Under this line sits a listing. Repeat exactly and only its lines from the one holding "2011 Mercedes-Benz C" through the one holding "烧伤|朝阳一居民家中电动车电瓶起火，一初中生被烧成重伤，烧伤面积超90%"; skip pictures.

Material for this task
----

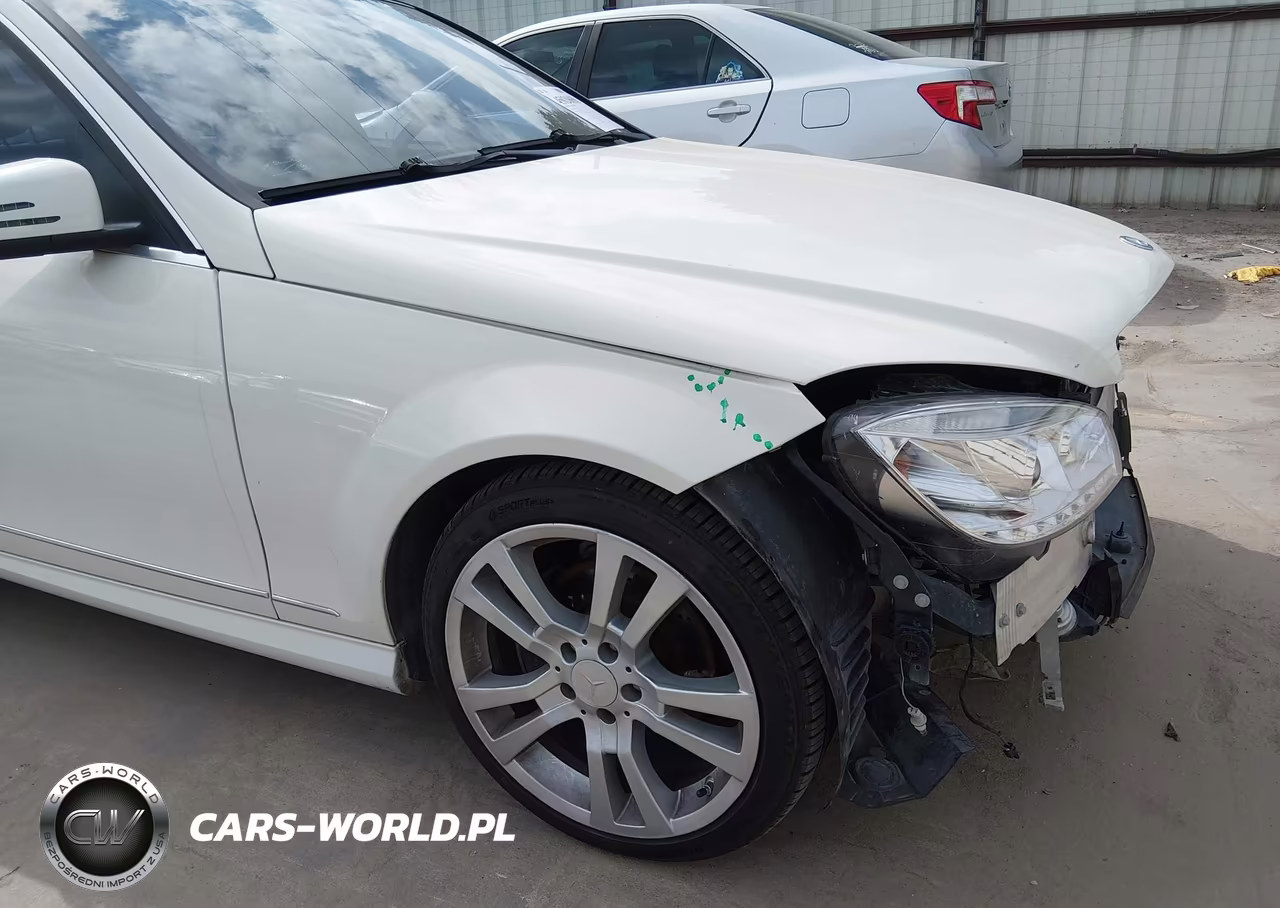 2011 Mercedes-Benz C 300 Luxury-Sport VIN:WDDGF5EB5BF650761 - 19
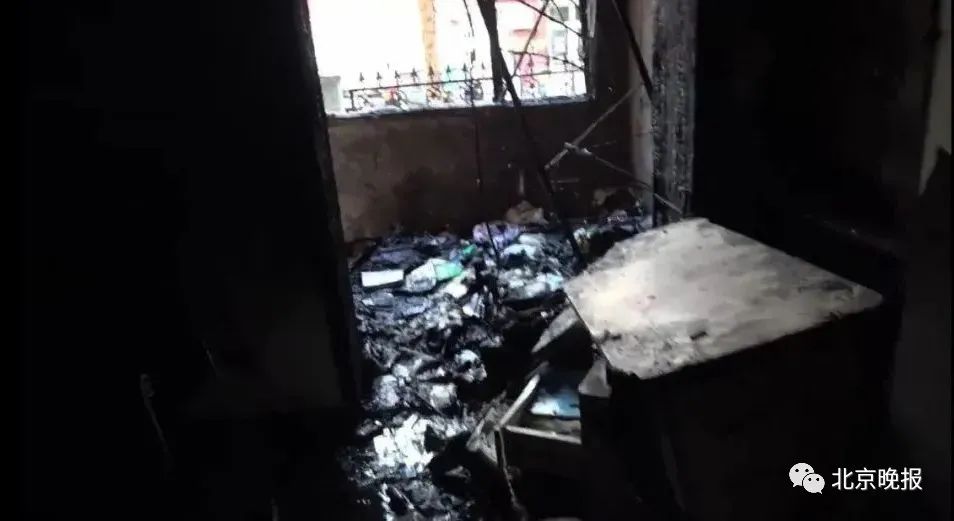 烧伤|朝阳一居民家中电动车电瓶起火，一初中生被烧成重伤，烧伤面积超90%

----

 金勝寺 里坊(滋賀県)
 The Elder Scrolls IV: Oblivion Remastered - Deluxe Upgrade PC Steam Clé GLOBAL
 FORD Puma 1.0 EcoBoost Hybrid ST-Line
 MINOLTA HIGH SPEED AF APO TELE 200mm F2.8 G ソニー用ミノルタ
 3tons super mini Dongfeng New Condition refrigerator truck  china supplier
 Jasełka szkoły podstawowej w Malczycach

----

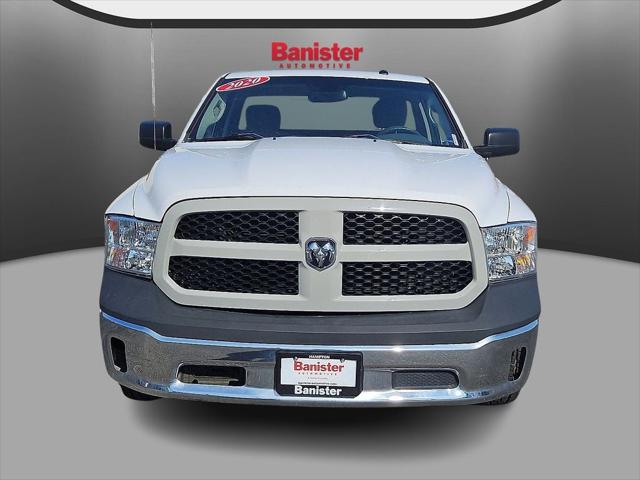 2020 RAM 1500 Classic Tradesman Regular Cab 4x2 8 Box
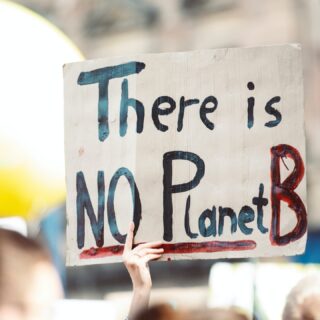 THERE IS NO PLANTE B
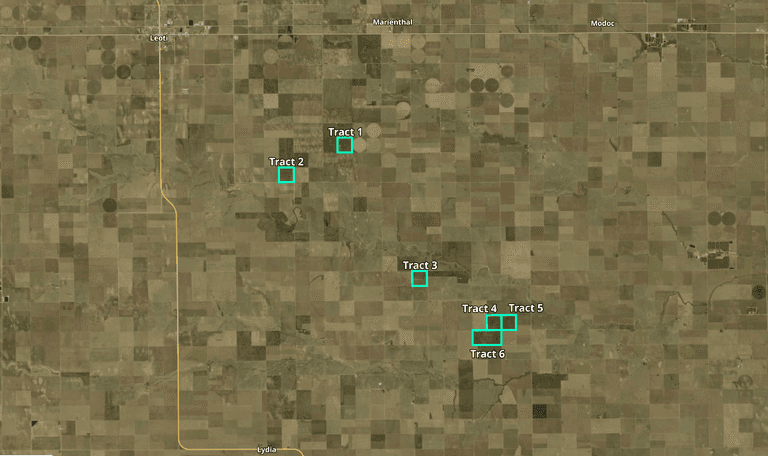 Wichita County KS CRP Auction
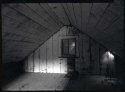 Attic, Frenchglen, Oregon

----

Written solution
 2011 Mercedes-Benz C 300 Luxury-Sport VIN:WDDGF5EB5BF650761 - 19
 烧伤|朝阳一居民家中电动车电瓶起火，一初中生被烧成重伤，烧伤面积超90%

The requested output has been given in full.